ÖYLE bekleyelim de, tekzip etmezse sonra yazalım dediğimizi zannetmeyin.
Çünkü Adalet Bakanı Mehmet Ali Şahin’in, "Size göre yargı bağımsız mı?" diye soran gazeteciye, "Gayet tabii... Yargının birtakım sorunları var, ama Türkiye’de yargı bağımsız değildir demeyi de haksızlık sayarım" yanıtı vermesi sürpriz değildi.
Şahin’e göre "Yargının bağımsızlığı konusundaki tartışmalar, dışarıdan yargıya çokça müdahale girişimi sonucu ortaya çıkıyor"muş.
Demek ki Adalet ve Kalkınma Partisi (AKP) hükümeti, "Türkiye’de yargının bağımsız olduğuna" inanmaktadır.
Peki ama o zaman AKP programına 2001 yılında konulan ve halen de orada duran "Yargıç tarafsızlığı ve yargı bağımsızlığı tam olarak sağlanacak, yargıç güvenceleri korunacaktır" ibaresi neyi ifade ediyor?
"Evet o zaman öyle yazıldı ama sonra yargıyı bağımsızlaştıracak, yargıca güven sağlayacak şu şu yasalar çıkarıldı" diyebilseniz, mesele kalmaz ama herkes biliyor ki, yok öyle bir şey.

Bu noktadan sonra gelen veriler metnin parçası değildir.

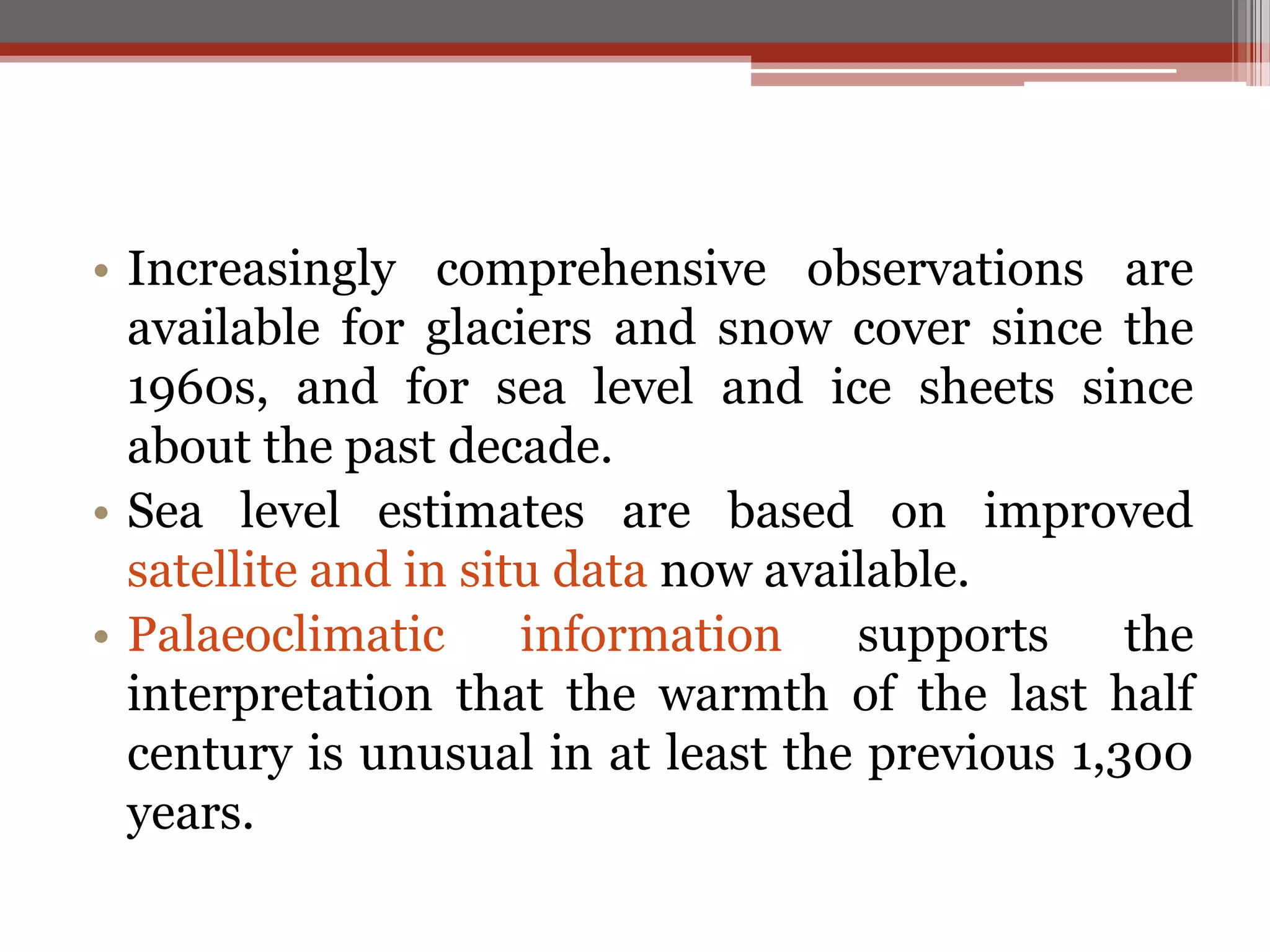 • Increasingly comprehensive observations are
available for glaciers and snow cover since the
1960s, and for sea level and ice sheets since
about the past decade.
• Sea level estimates are based on improved
satellite and in situ data now available.
• Palaeoclimatic information supports the
interpretation that the warmth of the last half
century is unusual in at least the previous 1,300
years.
 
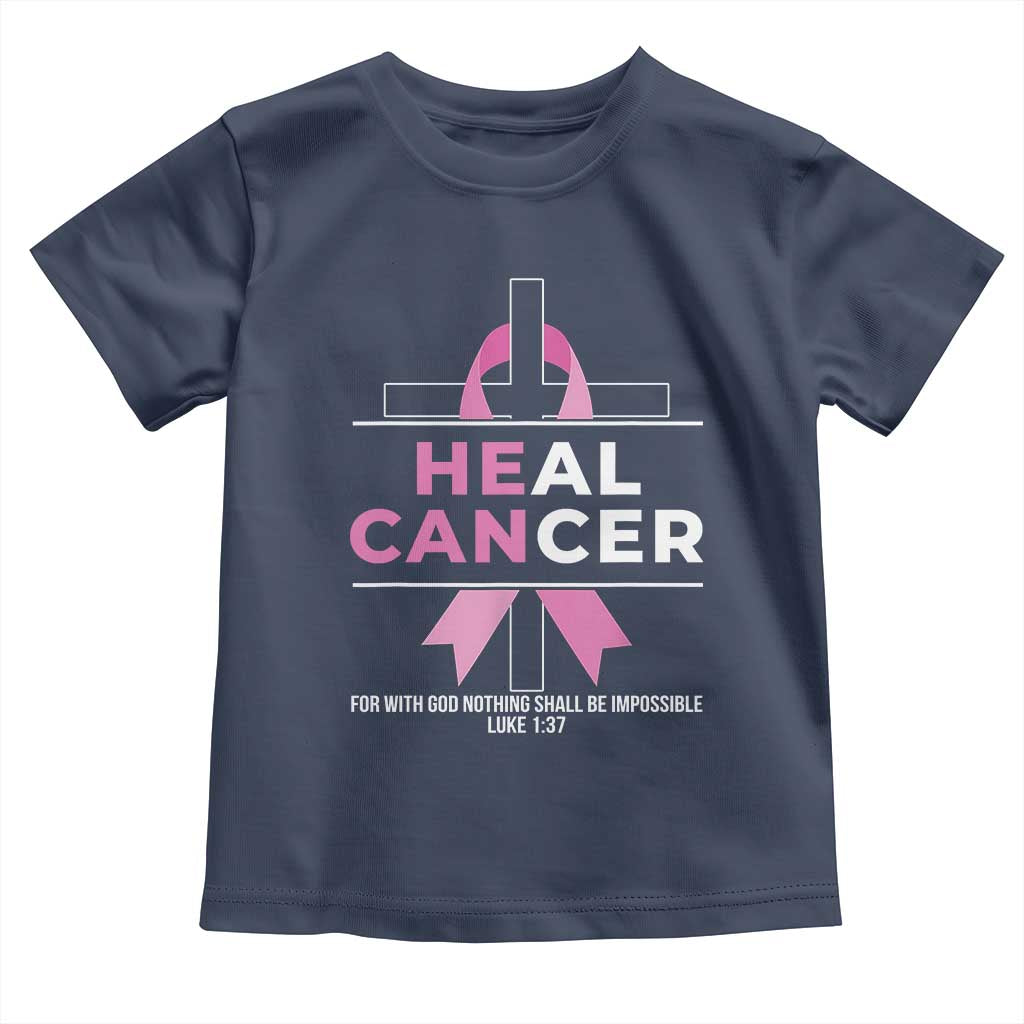 Male Breast Cancer Toddler T Shirt He Can Heal Cancer Christian Pink Ribbon TS11 Navy Print Your Wear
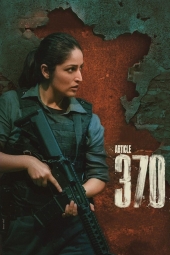دانلود فیلم ماده 370 قانون Article 370 2024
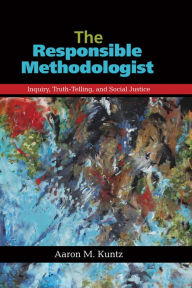 Title: The Responsible Methodologist: Inquiry, Truth-Telling, and Social Justice, Author: Aaron M. Kuntz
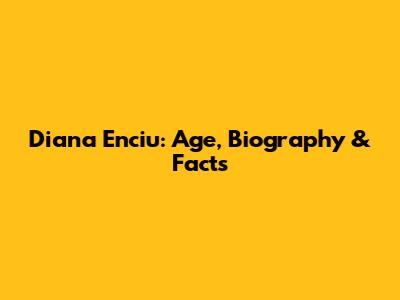 Diana Enciu: Age, Biography & Facts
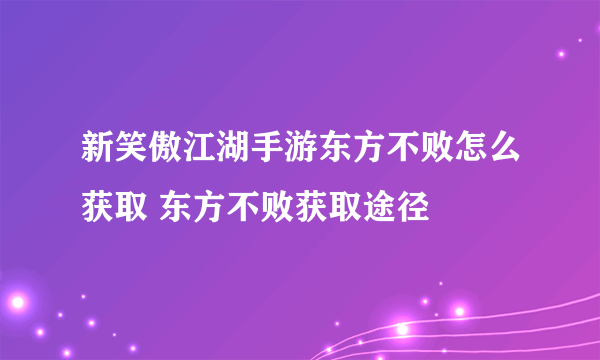 新笑傲江湖手游东方不败怎么获取 东方不败获取途径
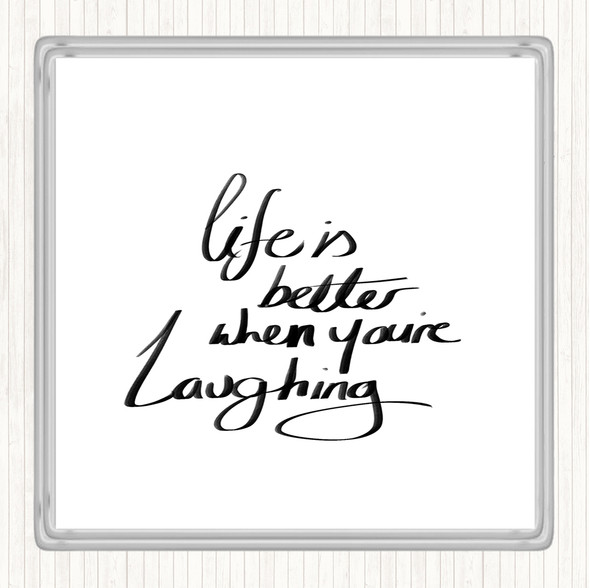 White Black Better When Laughing Quote Drinks Mat Coaster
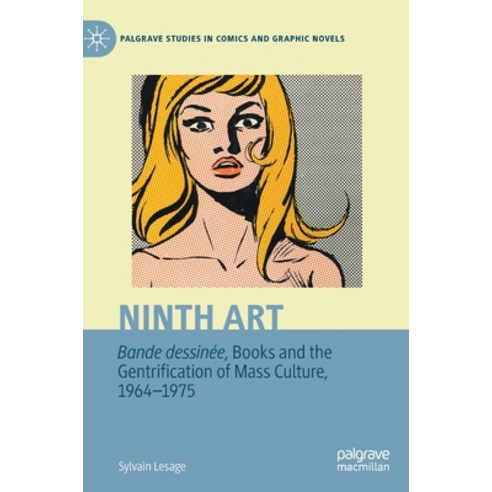 (영문도서) Ninth Art. Bande Dessinée Books and the Gentrification of Mass Culture 1964-1975 Hardcover, Palgrave MacMillan, English, 9783031170003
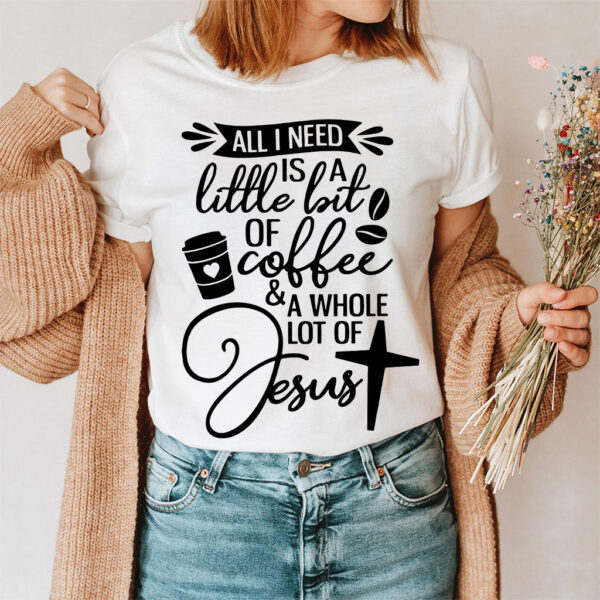 coffee and jesus shirt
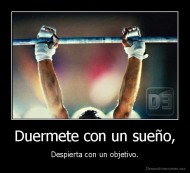 Duermete con un sueño, - Despierta con un objetivo.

Daha doğrusu o yönde bir yasa çıkarılmasından vazgeçtik, ne bir önceki Bakan Cemil Çiçek ne de şimdiki bakan Mehmet Ali Şahin, bu yönde bir tek yasa taslağı hazırlatmadı.
Ondan da vazgeçtik.
Adalet Bakanı Mehmet Ali Şahin’in geçen yıl mayıs başında Avrupa Birliği Genişlemeden Sorumlu Komiseri Olli Rehn’e alelacele sunduğu bir "Yargı Reformu Strateji Belgesi" vardı. Onu anımsarsınız.
Söz konusu belge bilindiği gibi, Avrupa Birliği’nin baskısı üzerine hazırlanmıştı. Çünkü AB bize -daha doğrusu hükümete- "Öteki ülkeler gibi siz de yargı reformunuzu hangi aşamalarda neler yaparak gerçekleştireceğinizi ortaya koyan bir Strateji Belgesi hazırlayıp vermezseniz, AB’ye üyelik müzakerelerinin "Yargı Faslı"nı açmayız" demişti.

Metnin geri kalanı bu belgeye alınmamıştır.